Smoothing heterogeneity: the monitoring case#
Revisiting here the “observability notebook” in the context of mixed G5K/FIT resources.
Website: https://discovery.gitlabpages.inria.fr/enoslib/index.html
Instant chat: https://framateam.org/enoslib
Source code: https://gitlab.inria.fr/discovery/enoslib
Prerequisites#
Make sure you’ve run the one time setup for your environment (e.g one time setup for https://labs.iot-lab.info)
Monitoring options#
Experimenters rely on monitoring to get insight on their deployments. Fit and G5k provide their own job monitoring infrastructure. An thus an experimenter have different choices: - Get metrics from the infrastructure (G5K REST API / FIT oml files).

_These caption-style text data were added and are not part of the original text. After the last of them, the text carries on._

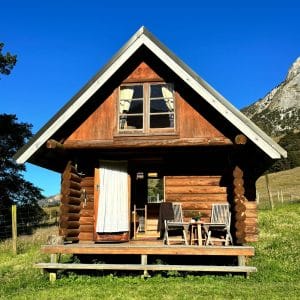 The Log Cabin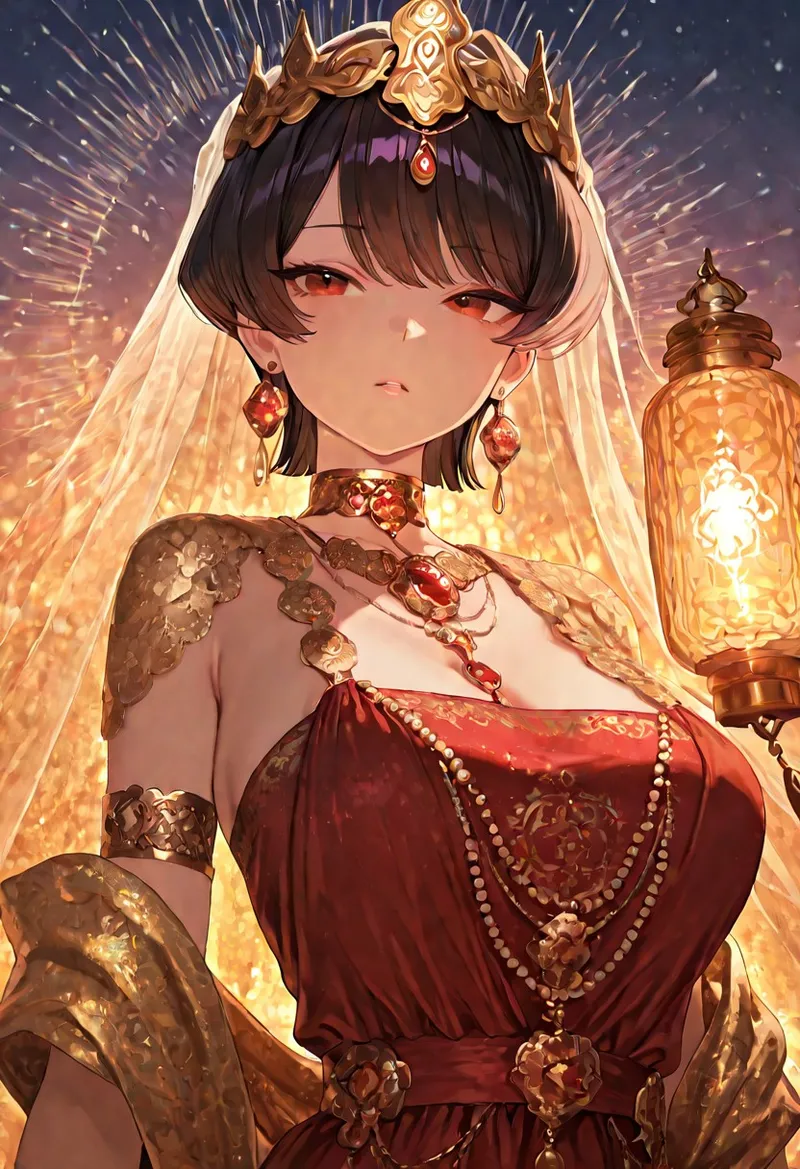 HenryBoya Shuuko Komi Fiery Red - Image 10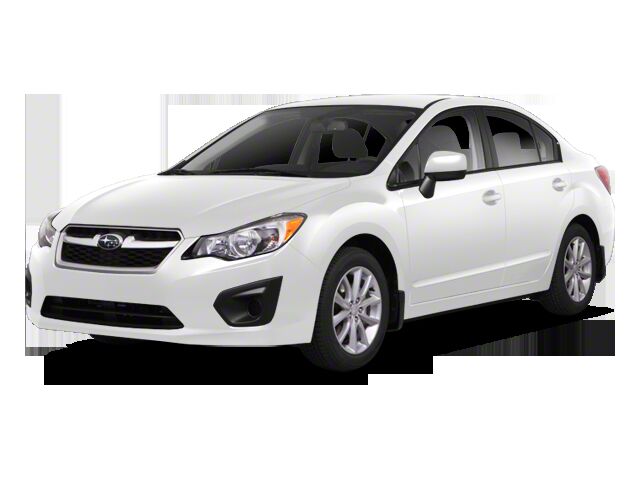 2012 SUBARU Impreza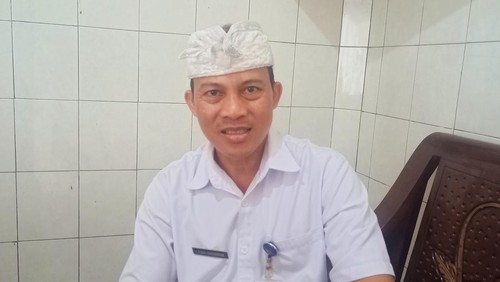 Kadis PMD Karangasem, I Made Sugiartha. (I Wayan Selamat Juniasa/detikBali)
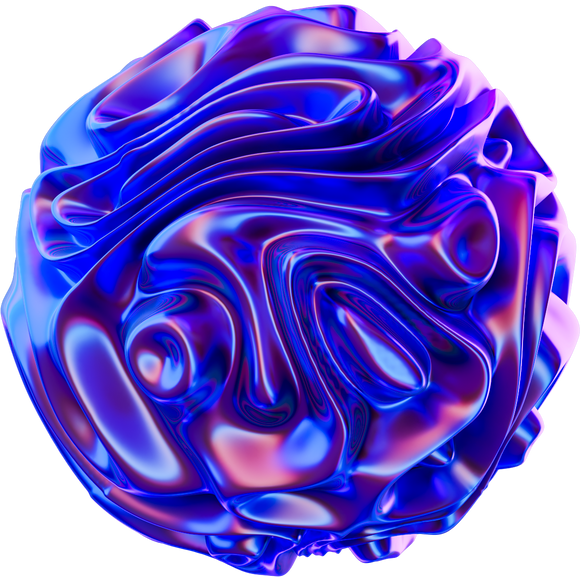 3D Holographic Blob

This is especially interesting for environnemental metrics (power …) - Deploy their own monitoring tool
On Grid’5000#
There are also different options to interact with the REST API (see https://www.grid5000.fr/w/Grid5000:Software#Experiment_management_tools) and of course curl
. REST API specification is available here: https://api.grid5000.fr/doc/3.0/
From python you can use `python-grid5000
<https://pypi.org/project/python-grid5000/>`__.
[ ]:
from grid5000 import Grid5000
from pathlib import Path
conf = Path.home() / ".python-grid5000.yaml"
gk = Grid5000.from_yaml(conf)
[ ]:
# get the list of the available metrics for a given cluster
import json
metrics = gk.sites["lyon"].clusters["nova"].metrics
print(json.dumps(metrics, indent=4))
[ ]:
[m["name"] for m in metrics]
[ ]:
import time
metric = "wattmetre_power_watt"
now = time.time()
measurements = gk.sites["lyon"].metrics.list(nodes="nova-1,nova-2,nova-3", start_time=now - 1000, metrics=metric)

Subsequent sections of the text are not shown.